If we can break our work down in such a way where we can deliver features to the customer, and start gathering feedback so that we can tune and adjust, then we can say we are starting to make progress, measurable progress. Whilst a large requirements document is work, and some of it valuable, the amount of waste generated by trying to figure out everything up front is incredible.

Working Software isn’t the only measure of progress, but it is the most important one. Nothing else matters if your software doesn’t work.

8. “Agile processes promote sustainable development. The sponsors, developers, and users should be able to maintain a constant pace indefinitely..”

Sustainable development pace by the delivery team is an obvious thing that jumps out with this principle. If your people are working lots of long hours, eventually its gonna hit you in the quality of work being delivered.

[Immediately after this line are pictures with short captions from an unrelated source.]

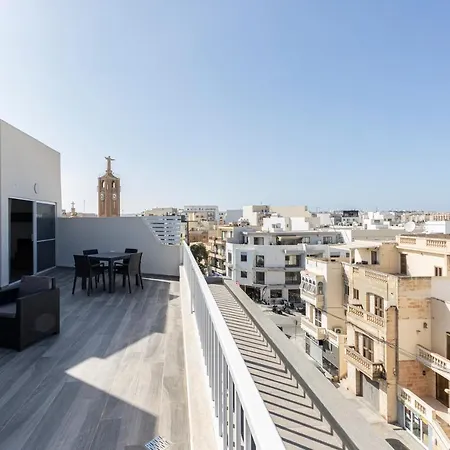 New, Designer, Central Penthouse With Wifi & Ac By 360 Estates Msida
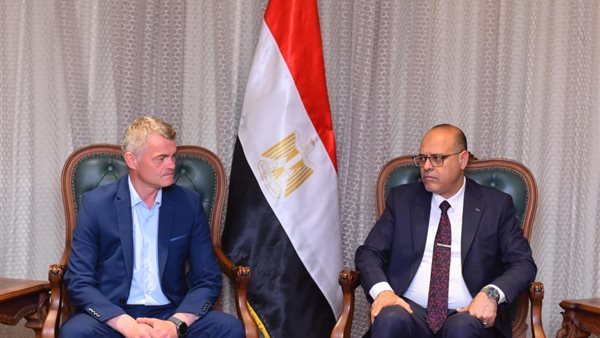 وزير العمل ـ  رئيس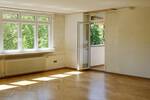 Westend: *Mit Potential für 3 Zimmer* Modernisierungsbedürftig mit Süd-Balkon, Lift & TG-Stellplatz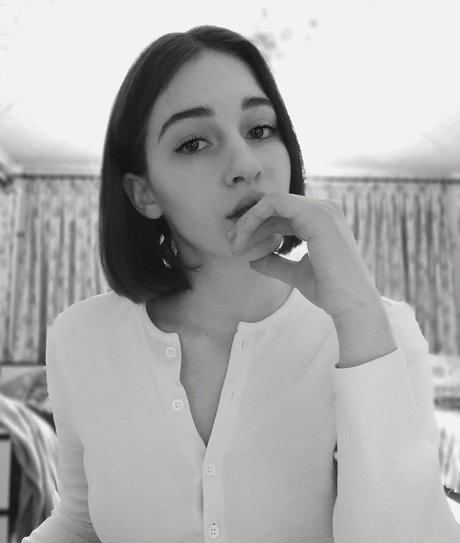 Sophie 5 onlyfans leams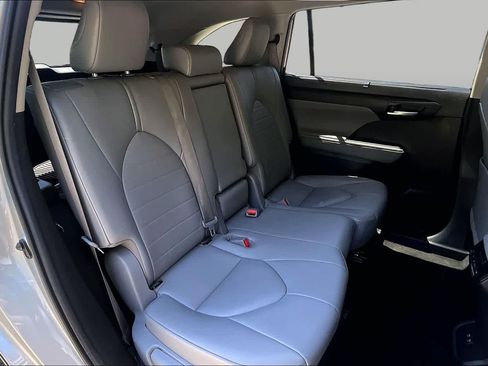 Used 2021 Toyota Highlander XLE AWD/4WD image 21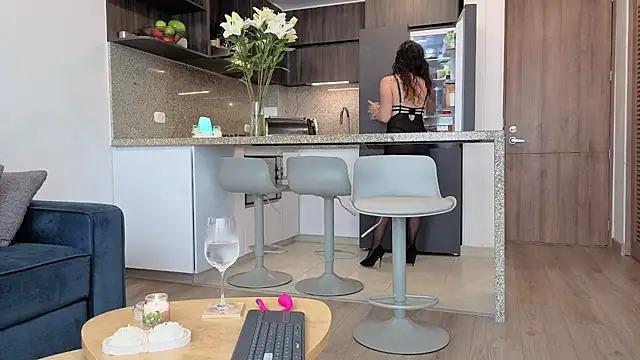 Snapshot of Monica-Bello chatting on March 2026 03:04:01 PM Monica-Bello online show from March 2026 03:04:01 PM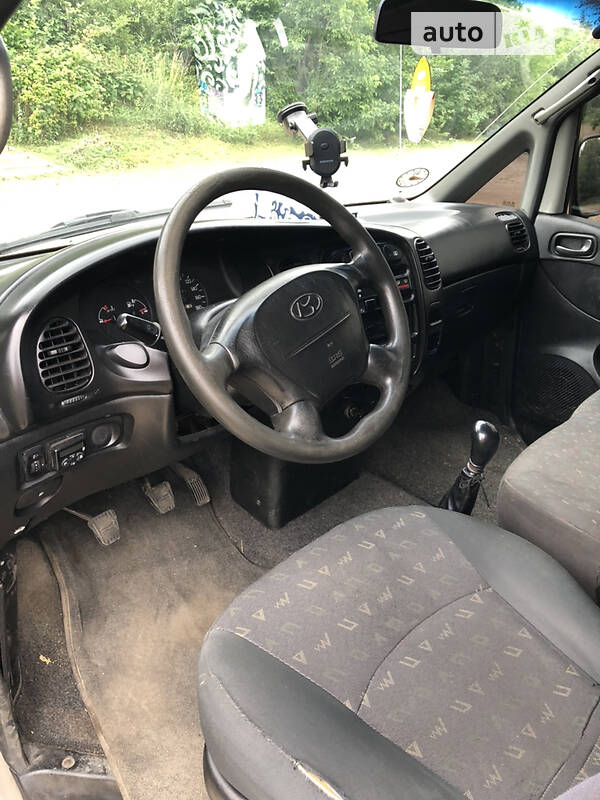 Грузовой фургон Hyundai H-1 2004 в Львове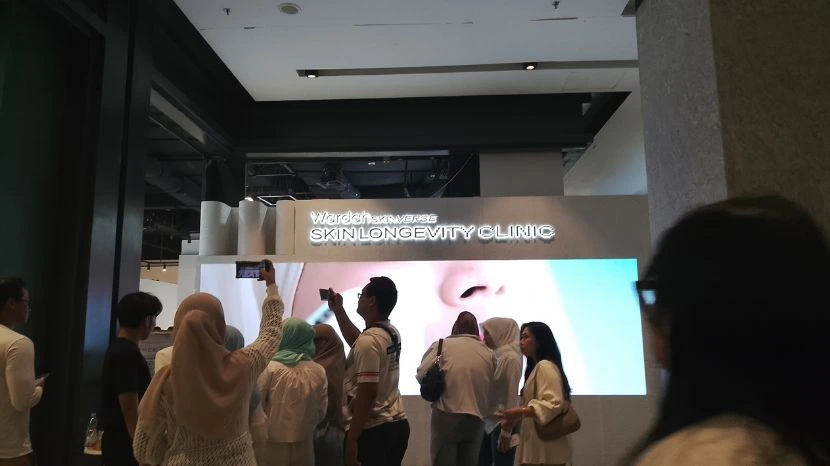 cek kesehatan kulit di event wardah skinverse longevity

how often do you think about the sustainable pace of your sponsors and ‘users’ (I dislike using the term user in this context). If sponsors are constantly chasing the new shiny thing and pushing more and more work to the team, then the team will be overloaded and it will be difficult to maintain a sustainable pace. If your sponsors can work at a sustainable pace, and have focus, then it makes it easier for the team to also have a sustainable pace. One way of doing this is to introduce a kanban system where limiting the WIP at the early stages of the process, creating an artificial bottleneck early, helps keep a sustainable pace throughout the process.

If the end customer, or user, is receiving new updates on a daily basis, then they can be overloaded with the amount of changes happening and be turned off. There is a fine balance between releasing to end customers in small batch sizes often, and delivering value that they can consume regularly without feeling overwhelmed.

9. “Continuous attention to technical excellence and good design enhances agility.”

I find that this principle goes almost hand in hand with the previous principle around sustainable pace. Most teams want to give attention to technical excellence, but pressures put upon them mean they generally aren’t given the time they would like.

Building good products takes time. Building quick dirty throw away solutions in order to learn are quite quick. Problems occur when the quick and dirty are then taken on face value as a good product, put into production and then asked to be built upon. This leads to spaghetti code and the demise of maintainability. Eventually you have to give up and re-write the thing from scratch.

Another example of where this is a problem is down to affording the team the time to put together a proper infrastructure around automation, of tests and deployment. Again this takes a little time, but saves an exponential amount of time in the long run, so it depends on the lifecycle of the product.

These things are hard to do, and it’s difficult to find the right balance between ‘building the thing right’ and ‘building it fast’. Both are important factors to take into consideration for your unique context, and it’s all too easy to slip into the mindset of ‘get it out quick’ and not grasp the consequences until it’s too late.